A Fresh Look at the Calculation of Tunneling Actions

TL;DR

This paper introduces a new method for calculating tunneling actions that avoids Euclidean bounces by using an auxiliary tunneling potential, enabling faster and more precise evaluations for metastable decay.

Contribution

It presents a novel approach using a tunneling potential to compute decay rates, generalizing the thin-wall approximation for arbitrary potentials.

Findings

Allows rapid numerical evaluation with sub-percent accuracy.

Generalizes thin-wall action to arbitrary potentials.
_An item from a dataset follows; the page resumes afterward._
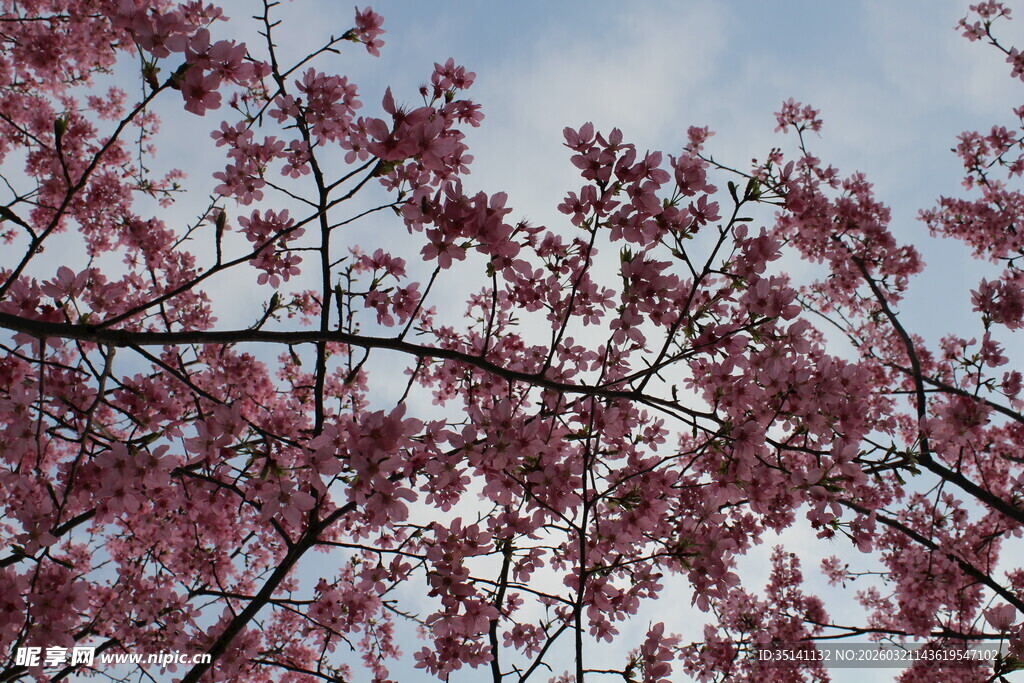 樱花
Can generate potentials with analytic tunneling solutions.

Abstract

An alternative approach to the calculation of tunneling actions, that control the exponential suppression of the decay of metastable phases, is presented. The new method circumvents the use of bounces in Euclidean space by introducing an auxiliary function, a tunneling potential $V_t$ that connects smoothly the metastable and stable phases of the field potential $V$. The tunneling action is obtained as the integral in field space of an action density that is a simple function of $V_t$ and $V$. This compact expression can be considered as a generalization of the thin-wall action to arbitrary potentials and allows a fast numerical evaluation with a precision below the percent level for typical potentials. The method can also be used to generate potentials with analytic tunneling solutions.